Gujarat High Court
Shrimant Ranjitsinh P. Gaekwad vs State Of Gujarat on 1 March, 2007
Equivalent citations: (2007)2GLR1814
Author: R.S. Garg
Bench: R.S. Garg
JUDGMENT R.S. Garg, J.
1. Petitioner - Rajmata Shantadevi Pratapsinhrao Gaekwad, is before this Court throwing challenge to the orders passed by the Mamlatdar, confirmed by the Deputy Collector and approved by the Gujarat Revenue Tribunal in Ceiling matter where under after rejecting the objections raised by the petitioner, 10 Acres and 25 Gunthas land was declared surplus.
2. Mr. Kavina, learned Counsel for the petitioners submits that from entry No. 99 of the register maintained by Talati, it would appear that the orders were passed in NA 44/1 on 6.1.54 in respect to the land of survey No. 429 and if the land is shown to be non-agricultural land, provisions of the Gujarat Agricultural Lands Ceiling Act, 1960 would not be applicable. Referring to Section 2[6] which defines Sclass of land and Section 2[17] which defines land, it is submitted that the land if is not cultivable, is not used for agricultural operations or is registered as non-agricultural land, then the provisions of Section 3[c] of the Act would immediately apply and the land would stand exempted from the operation of the Act. It is also submitted by him that the petitioner made an application to the concerned Collector for supplying certified copy of the order dated 6.1.54 rendered in NA 44/1, but the Collector showed his inability stating that the records were old and had been destroyed. His submission is that the register maintained by the Talati can be used as secondary evidence in favour of the petitioner and this Court must hold that the lands were exempt from the operation of the Act.
3. Shri L.R. Pujari, learned AGP for the State, combating the said arguments submitted that from the order passed by the Mamlatdar, it would clearly appear that various survey numbers were recorded as non-agricultural land and the petitioner did not file orders enabling her to exemption. His submission is that the petitioner did not show to the Court or could not even convince the authorities that after obtaining non-agricultural permission, the petitioner ever used the land for non-agricultural operations. His submission is that registration of the land as non-agricultural land would not be sufficient to attract Section 3[c] of the Act if the land is under cultivation and was used, or even if the land is barren, but is still cultivable. His submission is that in the year 1976, when forms were to be filled, the petitioner knew well that the order granting non-agricultural permission would be required to be filed, but she did not care to obtain the said order and file the same, because, by that time, period of 30 years had not expired and the records were available with the Collectorate or Mamlatdar. His submission is that secondary evidence cannot be accepted just for the sake of submission, but it is to be proved like any other document in accordance with law.
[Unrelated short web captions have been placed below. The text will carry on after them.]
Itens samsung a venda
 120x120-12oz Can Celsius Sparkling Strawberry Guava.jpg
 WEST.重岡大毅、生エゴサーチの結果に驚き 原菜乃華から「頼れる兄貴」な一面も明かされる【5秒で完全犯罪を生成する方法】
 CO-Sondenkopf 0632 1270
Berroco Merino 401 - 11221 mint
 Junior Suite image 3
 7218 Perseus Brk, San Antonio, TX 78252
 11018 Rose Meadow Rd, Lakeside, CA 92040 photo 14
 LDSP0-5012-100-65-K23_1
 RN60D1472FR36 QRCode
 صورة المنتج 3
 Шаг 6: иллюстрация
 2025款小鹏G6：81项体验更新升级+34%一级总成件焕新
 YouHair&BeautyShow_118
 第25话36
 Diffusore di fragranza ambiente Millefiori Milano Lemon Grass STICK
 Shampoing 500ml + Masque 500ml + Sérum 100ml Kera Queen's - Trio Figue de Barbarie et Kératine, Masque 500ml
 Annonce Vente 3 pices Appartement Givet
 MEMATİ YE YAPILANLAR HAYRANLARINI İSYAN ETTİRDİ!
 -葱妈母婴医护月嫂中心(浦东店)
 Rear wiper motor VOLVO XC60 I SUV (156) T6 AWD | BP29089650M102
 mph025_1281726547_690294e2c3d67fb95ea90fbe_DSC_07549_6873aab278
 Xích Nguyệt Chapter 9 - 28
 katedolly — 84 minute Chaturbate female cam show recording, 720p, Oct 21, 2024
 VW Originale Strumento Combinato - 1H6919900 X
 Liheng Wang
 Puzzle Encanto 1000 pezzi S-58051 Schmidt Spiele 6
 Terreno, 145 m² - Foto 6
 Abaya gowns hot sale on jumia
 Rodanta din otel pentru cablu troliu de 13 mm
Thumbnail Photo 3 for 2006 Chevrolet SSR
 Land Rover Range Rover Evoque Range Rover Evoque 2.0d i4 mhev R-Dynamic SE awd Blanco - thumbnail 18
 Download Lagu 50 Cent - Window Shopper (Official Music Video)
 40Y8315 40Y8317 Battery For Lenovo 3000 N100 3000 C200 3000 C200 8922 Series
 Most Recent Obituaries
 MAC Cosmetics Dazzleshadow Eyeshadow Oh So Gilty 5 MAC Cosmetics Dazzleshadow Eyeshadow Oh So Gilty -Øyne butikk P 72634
4. Section 2[6] of the Act defines land as perennially irrigated land, seasonally irrigated land, superior dry crop land and dry crop land. Explanation [1] defines various lands within its sweep.
5. Section 2[17] defines Sland which means land in relation to any period prior to the specified date, land which is used or capable of being used for agricultural purpose and includes sites of farm buildings appurtenant to such land. From this definition, it would clearly appear that the land which is used or capable of being used for agricultural purpose would be included in the wider definition of the word land. Section 3[1][c] on which strong reliance is placed reads as under:
Subject to the provisions of Sub-sections [1A] to [1D] [both inclusive], the following lands shall be exempted from the provisions of this Act, that is to say lands situated in any area which has been specified as being reserved for non-agricultural or industrial development under the relevant tenancy law.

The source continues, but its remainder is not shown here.